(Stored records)
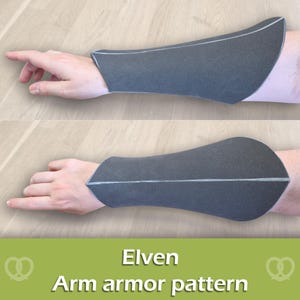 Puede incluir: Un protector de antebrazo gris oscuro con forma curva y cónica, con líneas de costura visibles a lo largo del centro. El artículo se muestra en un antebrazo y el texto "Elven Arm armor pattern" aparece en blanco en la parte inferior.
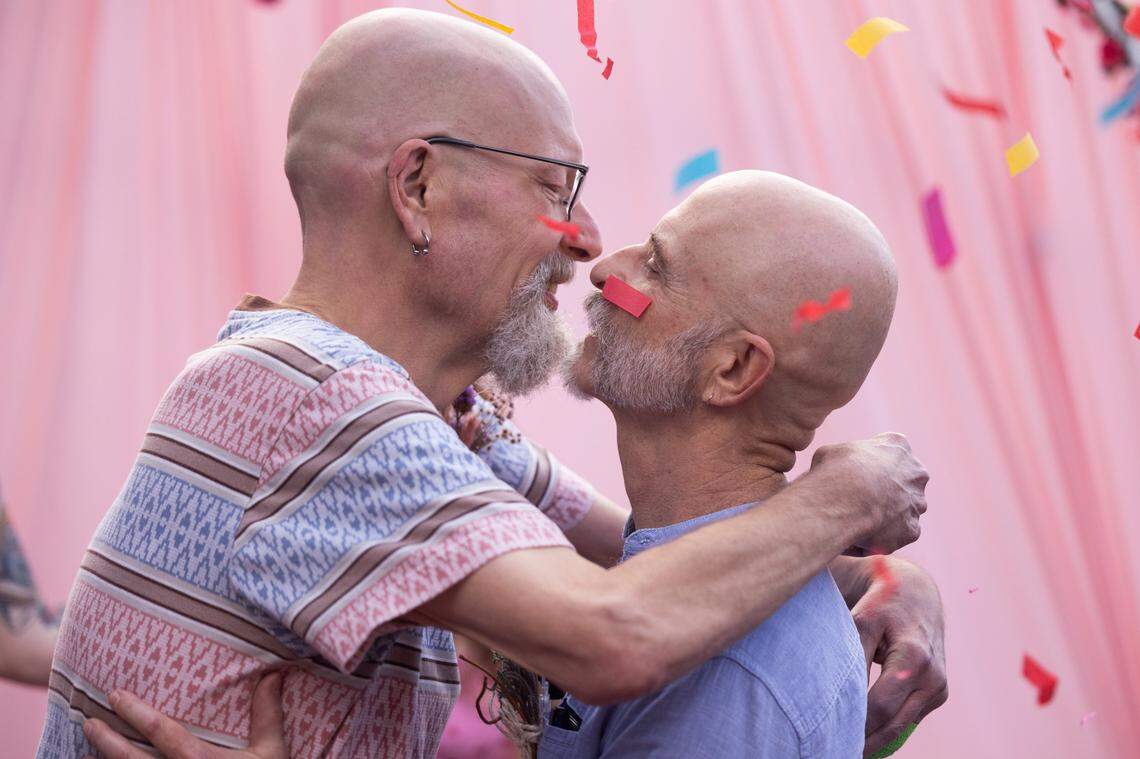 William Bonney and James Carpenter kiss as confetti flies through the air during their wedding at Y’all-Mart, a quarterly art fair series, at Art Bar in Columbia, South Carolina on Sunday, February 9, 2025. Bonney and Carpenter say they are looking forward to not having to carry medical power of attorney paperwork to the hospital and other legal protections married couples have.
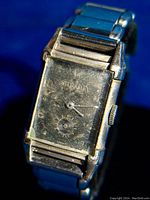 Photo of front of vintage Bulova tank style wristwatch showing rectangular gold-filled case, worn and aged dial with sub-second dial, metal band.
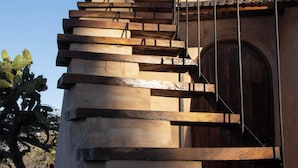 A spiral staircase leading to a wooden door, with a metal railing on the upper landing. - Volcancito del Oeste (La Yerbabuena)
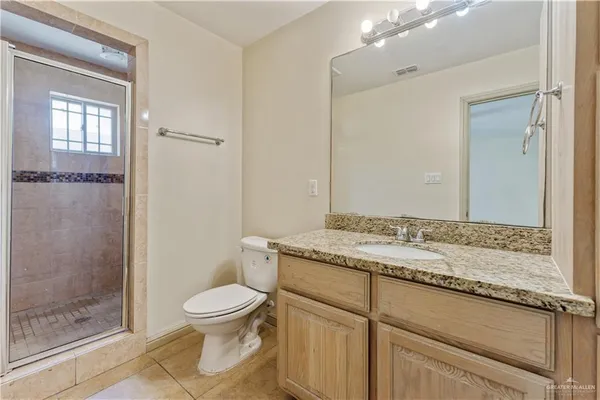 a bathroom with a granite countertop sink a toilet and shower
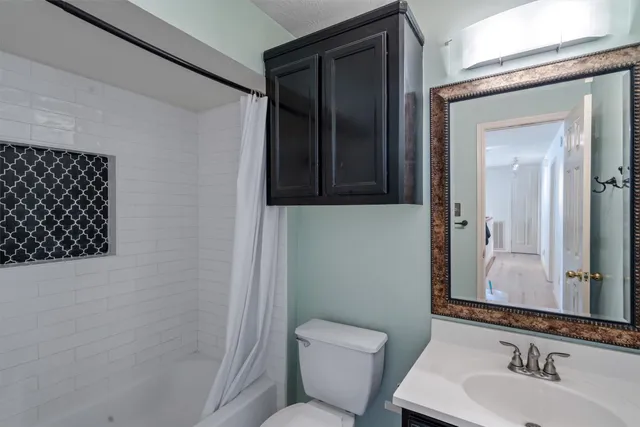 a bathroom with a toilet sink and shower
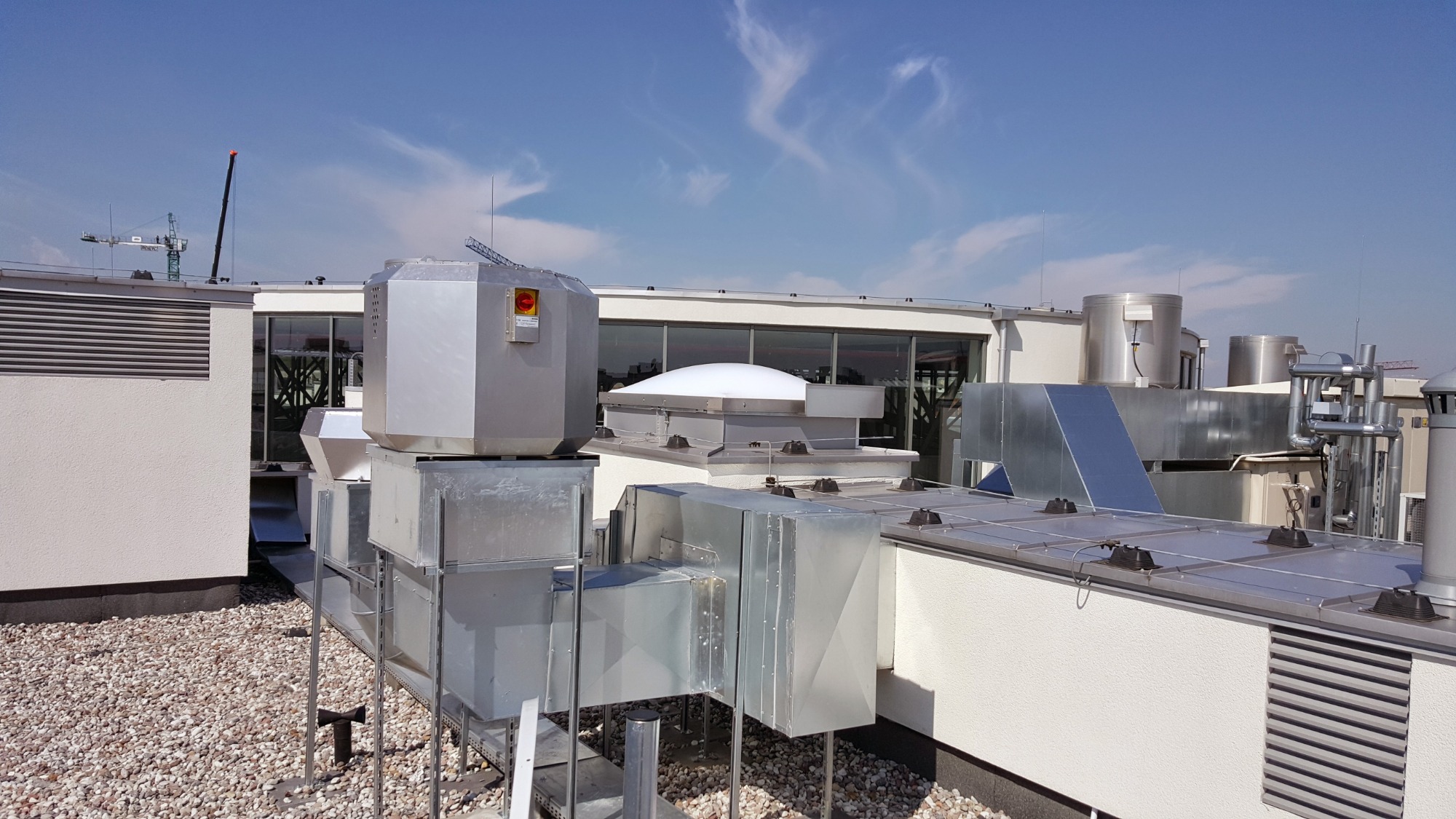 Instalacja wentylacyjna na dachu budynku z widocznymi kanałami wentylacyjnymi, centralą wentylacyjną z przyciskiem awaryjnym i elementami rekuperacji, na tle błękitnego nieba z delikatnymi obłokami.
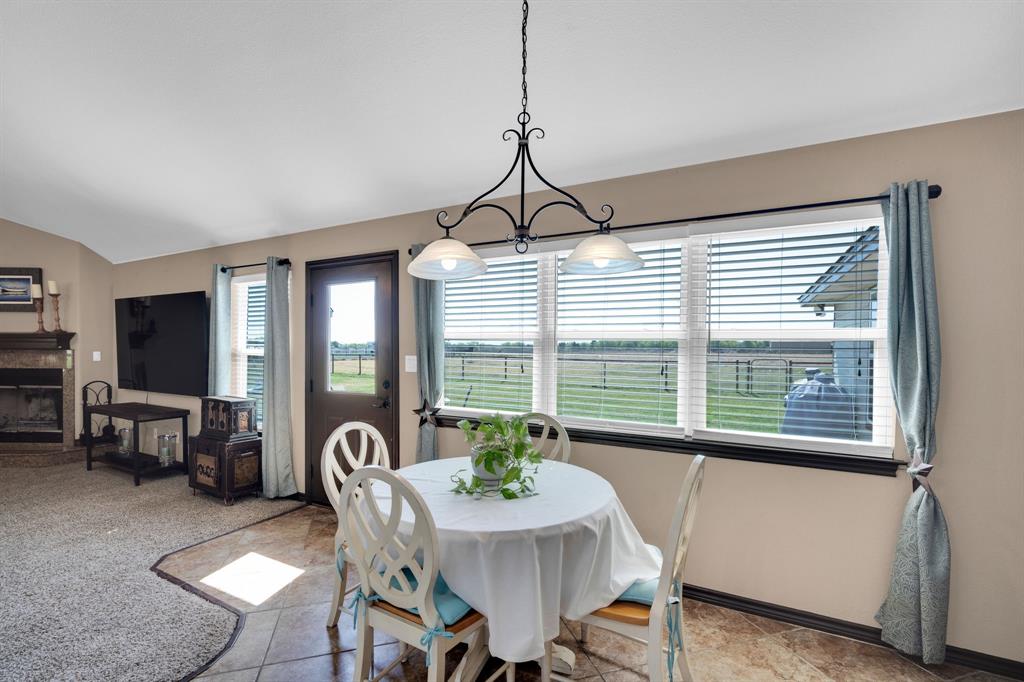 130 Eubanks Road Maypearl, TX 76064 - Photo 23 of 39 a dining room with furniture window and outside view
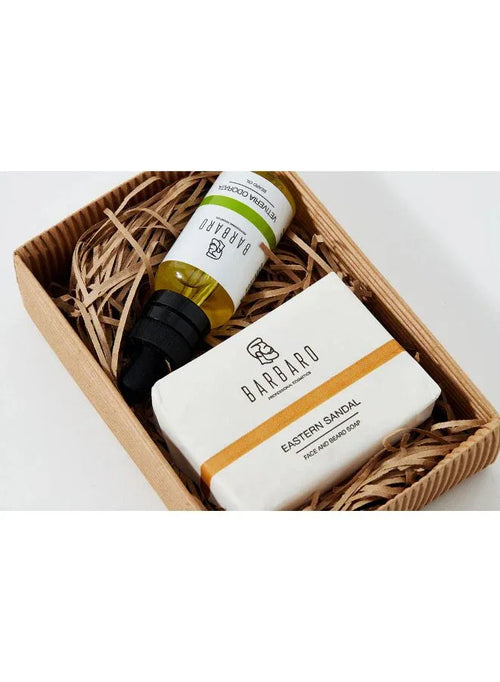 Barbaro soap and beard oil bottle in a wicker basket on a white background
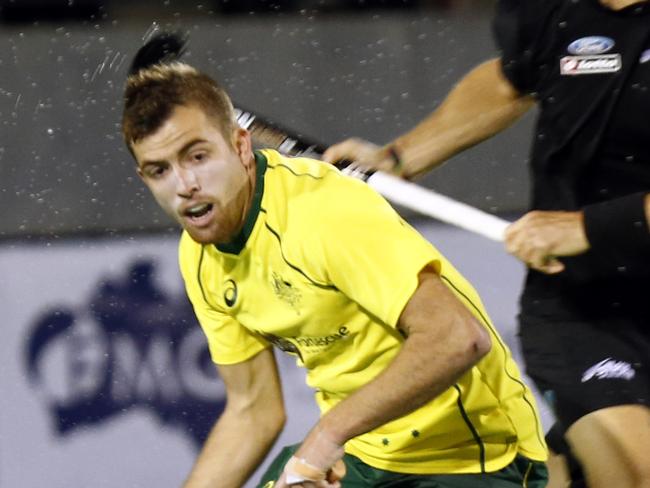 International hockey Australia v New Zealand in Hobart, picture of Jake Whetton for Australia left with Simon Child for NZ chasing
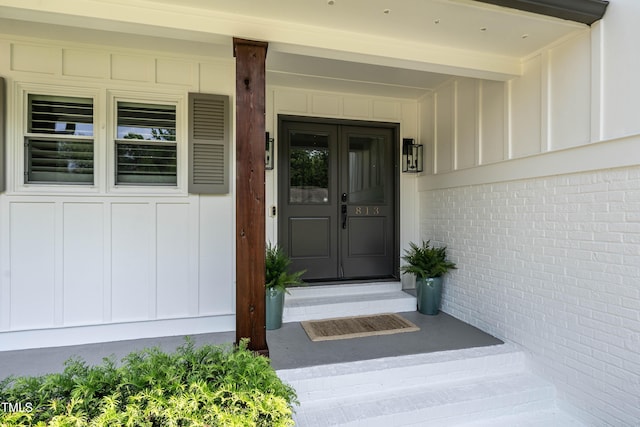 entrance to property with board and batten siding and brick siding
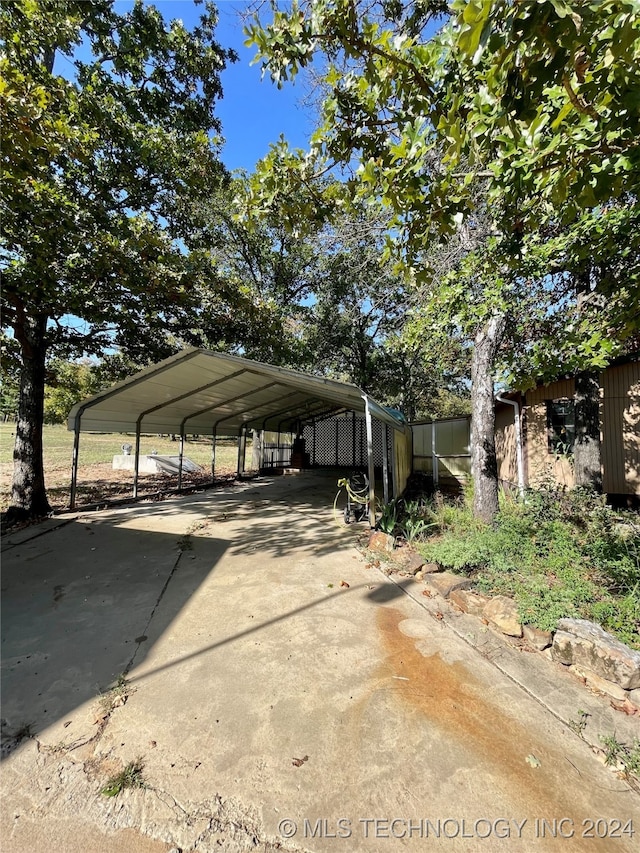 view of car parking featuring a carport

TRY IT
Write out exactly the run of lines above that starts at the line containing "Photo of front" and ends at the line containing "a bathroom with a toilet sink and shower". Include both, and leave the pictures out.

EXERCISE ANSWER
 Photo of front of vintage Bulova tank style wristwatch showing rectangular gold-filled case, worn and aged dial with sub-second dial, metal band.
 A spiral staircase leading to a wooden door, with a metal railing on the upper landing. - Volcancito del Oeste (La Yerbabuena)
 a bathroom with a granite countertop sink a toilet and shower
 a bathroom with a toilet sink and shower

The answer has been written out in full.